> _Your assignment_
From the first line to the last, retype the records exactly and skip the pictures.

> _Data to use_

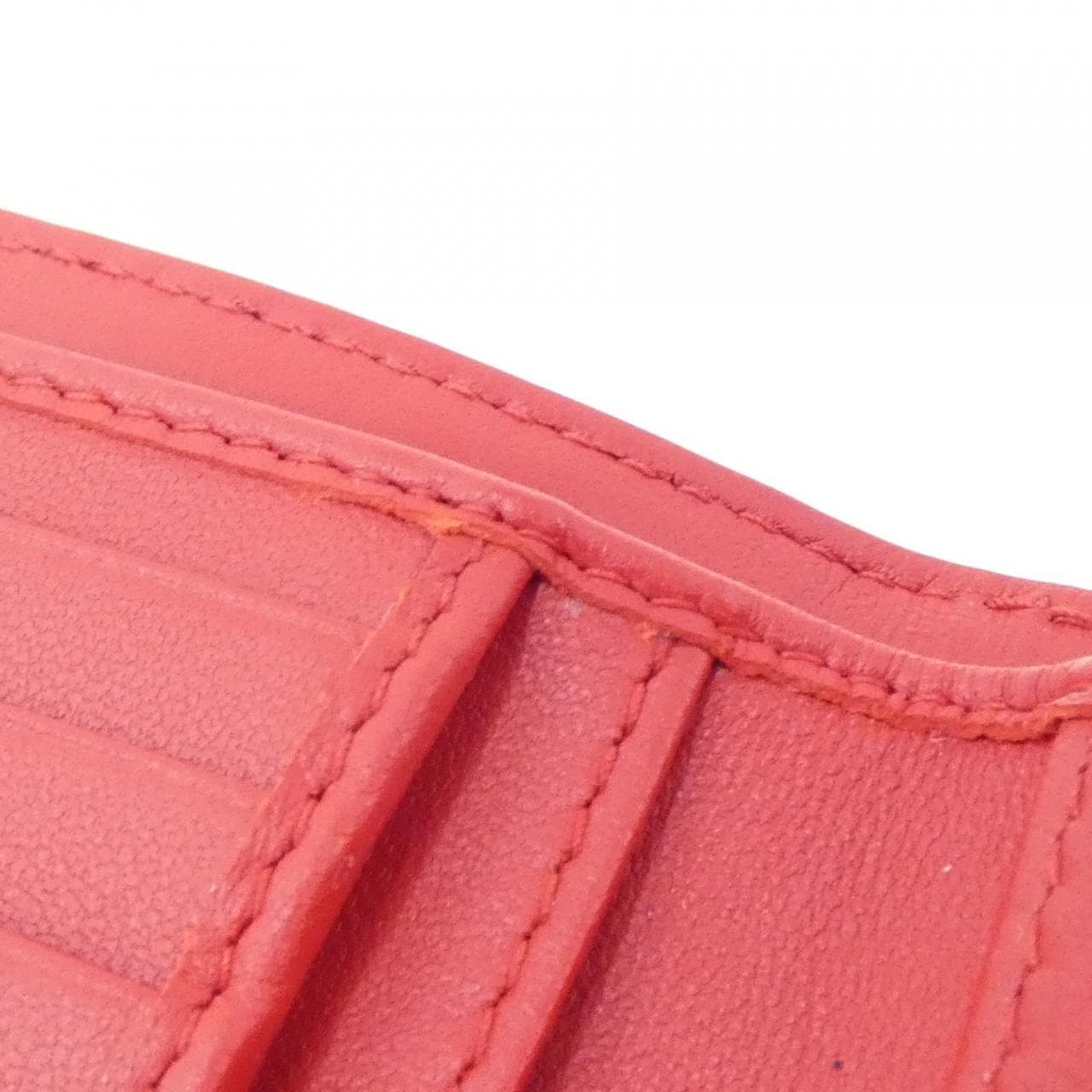 DIOR Caro Wallet Leather 5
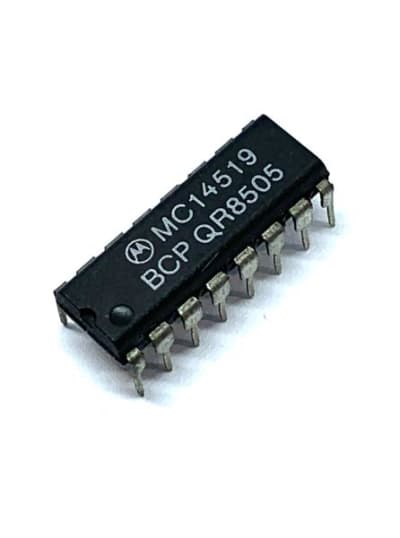 NXP SEMICONDUCTOR MC14519BCP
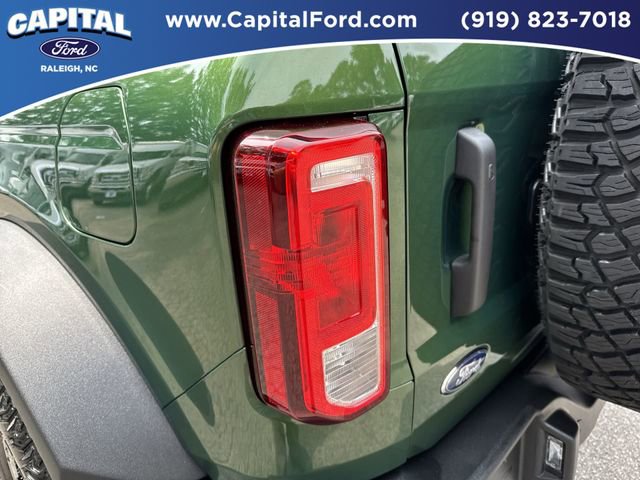 Certified 2023 Ford Bronco Big Bend w/ Sasquatch Package AWD/4WD image 15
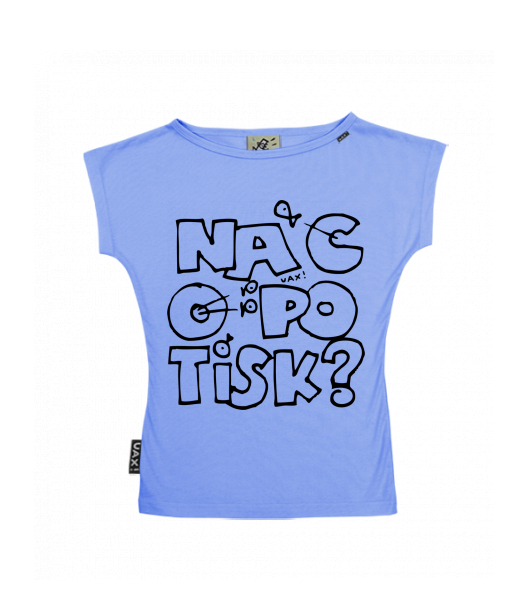 DÁMSKÉ TRIČKO S LODIČKOVÝM VÝSTŘIHEM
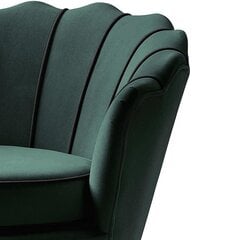 Кресло Halmar Angelo, зеленое цена и информация | Кресла для отдыха | hansapost.ee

> _Answer to the problem_
 DIOR Caro Wallet Leather 5
 NXP SEMICONDUCTOR MC14519BCP
 Certified 2023 Ford Bronco Big Bend w/ Sasquatch Package AWD/4WD image 15
 DÁMSKÉ TRIČKO S LODIČKOVÝM VÝSTŘIHEM
 Кресло Halmar Angelo, зеленое цена и информация | Кресла для отдыха | hansapost.ee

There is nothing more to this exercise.